Pandora sees 19 million Latino users monthly, making it the #1 music streaming service with Latinos. And, given that Latinos spend more money on music than the “average consumer” — $135 compared to $105 according to Billboard — that’s a pretty significant number.
Though Pandora is not a “Latino” service, the company has shifted its focus in order to serve this growing demographic, which tends to use the service via mobile devices:
For one, Pandora has made a concerted effort to broaden its Latin listener base and build up its Latin library. It boasts three separate genre subdivisions for the music — “Latin,” “Mexico” and “Puerto Rico” — with 27 stations under the “Latin” umbrella alone, and 15 stations under the “Mexican” umbrella. That’s more than the number of stations found under dance, metal or even country. The diversity of stations, in turn, reflects Pandora’s ability to target its users.
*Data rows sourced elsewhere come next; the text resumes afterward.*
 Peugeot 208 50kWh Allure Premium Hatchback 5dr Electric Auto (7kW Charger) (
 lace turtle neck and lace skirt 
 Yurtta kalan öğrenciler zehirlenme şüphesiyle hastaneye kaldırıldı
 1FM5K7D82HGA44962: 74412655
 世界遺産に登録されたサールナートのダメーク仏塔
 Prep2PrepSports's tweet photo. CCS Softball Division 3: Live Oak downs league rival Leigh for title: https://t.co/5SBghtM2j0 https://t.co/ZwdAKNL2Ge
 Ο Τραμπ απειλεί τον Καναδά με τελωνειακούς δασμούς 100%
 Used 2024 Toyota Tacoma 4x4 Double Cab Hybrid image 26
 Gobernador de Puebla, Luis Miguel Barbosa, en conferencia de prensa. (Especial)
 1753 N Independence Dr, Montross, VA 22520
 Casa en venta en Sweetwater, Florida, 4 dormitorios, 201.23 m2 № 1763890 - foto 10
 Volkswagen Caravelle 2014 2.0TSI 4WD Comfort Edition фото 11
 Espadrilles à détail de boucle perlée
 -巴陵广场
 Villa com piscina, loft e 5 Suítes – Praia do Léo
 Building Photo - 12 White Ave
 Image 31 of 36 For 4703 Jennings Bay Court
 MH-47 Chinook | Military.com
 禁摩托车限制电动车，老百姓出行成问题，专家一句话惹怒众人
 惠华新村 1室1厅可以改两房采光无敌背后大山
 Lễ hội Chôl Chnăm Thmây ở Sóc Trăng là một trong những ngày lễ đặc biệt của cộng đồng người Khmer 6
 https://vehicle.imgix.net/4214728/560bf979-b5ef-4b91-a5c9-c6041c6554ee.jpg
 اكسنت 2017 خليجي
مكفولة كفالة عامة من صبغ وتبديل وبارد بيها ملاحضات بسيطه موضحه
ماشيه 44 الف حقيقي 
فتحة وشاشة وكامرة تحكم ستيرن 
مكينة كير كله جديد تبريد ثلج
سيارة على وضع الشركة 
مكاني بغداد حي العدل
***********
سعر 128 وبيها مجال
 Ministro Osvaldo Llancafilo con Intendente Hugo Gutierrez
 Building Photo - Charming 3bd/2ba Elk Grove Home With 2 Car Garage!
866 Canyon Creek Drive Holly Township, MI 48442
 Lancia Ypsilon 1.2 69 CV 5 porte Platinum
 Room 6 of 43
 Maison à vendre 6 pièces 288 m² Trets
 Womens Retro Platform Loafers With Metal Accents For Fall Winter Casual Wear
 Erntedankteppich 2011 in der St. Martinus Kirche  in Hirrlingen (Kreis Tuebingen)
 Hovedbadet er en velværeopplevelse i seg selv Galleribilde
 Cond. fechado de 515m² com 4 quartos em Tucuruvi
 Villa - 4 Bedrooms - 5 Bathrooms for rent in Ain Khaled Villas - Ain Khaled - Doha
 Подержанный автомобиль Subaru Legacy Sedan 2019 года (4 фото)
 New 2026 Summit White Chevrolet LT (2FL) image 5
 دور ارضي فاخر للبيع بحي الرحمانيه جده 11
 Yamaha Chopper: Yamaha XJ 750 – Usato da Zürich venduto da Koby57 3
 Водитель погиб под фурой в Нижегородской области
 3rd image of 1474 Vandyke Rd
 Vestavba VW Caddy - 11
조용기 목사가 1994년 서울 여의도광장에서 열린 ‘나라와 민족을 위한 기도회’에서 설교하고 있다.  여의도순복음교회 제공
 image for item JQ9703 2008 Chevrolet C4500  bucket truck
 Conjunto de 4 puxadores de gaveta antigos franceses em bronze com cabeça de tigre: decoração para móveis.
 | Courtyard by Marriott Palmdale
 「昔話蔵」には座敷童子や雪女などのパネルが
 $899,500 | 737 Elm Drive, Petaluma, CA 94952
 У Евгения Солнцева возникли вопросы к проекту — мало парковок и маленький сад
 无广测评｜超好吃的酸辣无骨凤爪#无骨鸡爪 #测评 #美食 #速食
Pandora’s growing Latino audience is no accident. The company began surveying its users to determine how to best serve them, and one of their conclusions led them to increase their focus on Latinos (which has also allowed the company to increase advertising by expanding into Spanish language and Hispanic-targeted ads).
Compare Pandora’s approach — putting in the effort to survey users to determine demographics — to Spotify’s, which relied on self-reporting from users, which they found unreliable. Spotify told AdWeek a few years ago that they just didn’t do Hispanic targeting; Pandora has nearly doubled its Hispanic user base since then.